带有情感分数的 nlp 字典

nlp dictionary with sentiment score

谁能帮忙找到字典每个值的描述。 https://github.com/cjhutto/vaderSentiment/blob/master/vaderSentiment/vader_sentiment_lexicon.txt

如以下几行：

滥用 -3.2 0.6 [-4, -2, -3, -4, -3, -4, -3, -3, -3, -3]

滥用 -2.3 0.64031 [-2, -2, -3, -2, -2, -4, -2, -2, -2, -2]

滥用者 -2.6 0.4899 [-3, -2, -3, -3, -2, -3, -2, -2, -3, -3]

滥用者 -2.6 1.0198 [-2, -3, -3, -3, -3, -2, -3, -4, -3, 0]

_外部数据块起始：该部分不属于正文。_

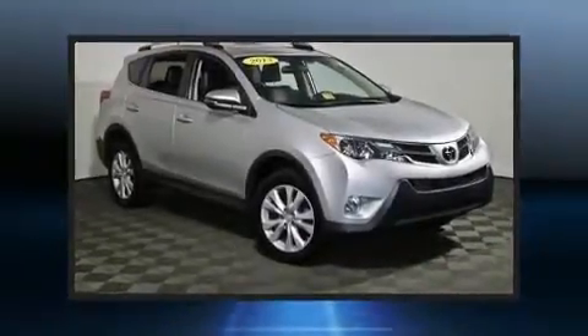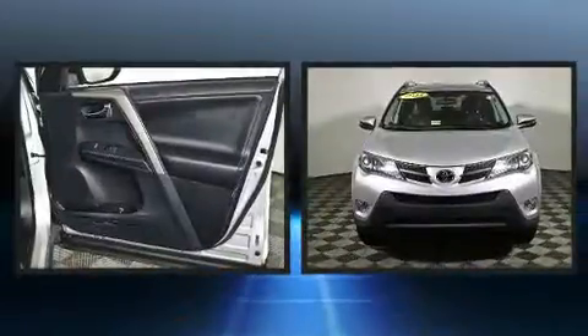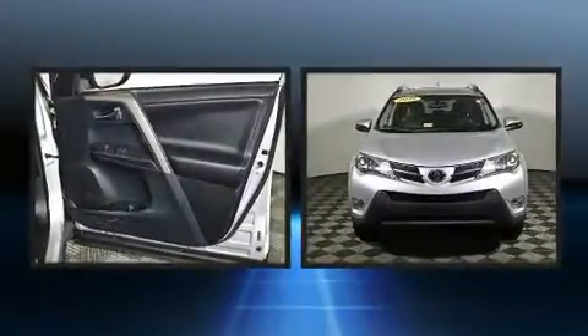Familiarize yourself with the 2013 Toyota RAV4. It features all-wheel drive versatility, an automatic transmission, and a 2.5-liter four-cylinder engine.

滥用 -2.6 0.66332 [-3, -2, -3, -3, -3, -3, -1, -2, -3, -3]

滥用 -2.0 1.41421 [-1, -2, -2, -4, -4, -2, -3, -1, 1, -2]

辱骂 -3.2 0.74833 [-4, -3, -3, -4, -4, -3, -4, -2, -3, -2]

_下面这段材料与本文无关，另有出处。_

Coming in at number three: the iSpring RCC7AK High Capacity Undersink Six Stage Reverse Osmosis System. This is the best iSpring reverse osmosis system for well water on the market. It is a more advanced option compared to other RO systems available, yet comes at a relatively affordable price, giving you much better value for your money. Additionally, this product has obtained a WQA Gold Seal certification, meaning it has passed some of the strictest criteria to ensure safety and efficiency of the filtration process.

辱骂 -2.8 0.6 [-3, -4, -3, -2, -3, -2, -2, -3, -3, -3]

哪个值表示情绪得分，以及方括号 [] 中表示的值是什么。

快速搜索发现他们的 research paper 解释了这一点：

We used a wisdom-of-the-crowd13 (WotC) approach (Surowiecki, 2004) to acquire a valid point estimate for the sentiment valence (intensity) of each context-free candidate feature. We collected intensity ratings on each of our candidate lexical features from ten independent human raters (for a total of 90,000+ ratings). Features were rated on a scale from “[–4] Extremely Negative” to “[4] Extremely Positive”, with allowance for “[0] Neutral (or Neither, N/A)”. Ratings were obtained using Amazon Mechanical Turk (AMT), a micro-labor website where workers perform minor tasks in exchange for a small amount of money...

所以[]中的10个数字是10个人的情感强度评分，单词后的第一个数字是整体情感强度ratiny。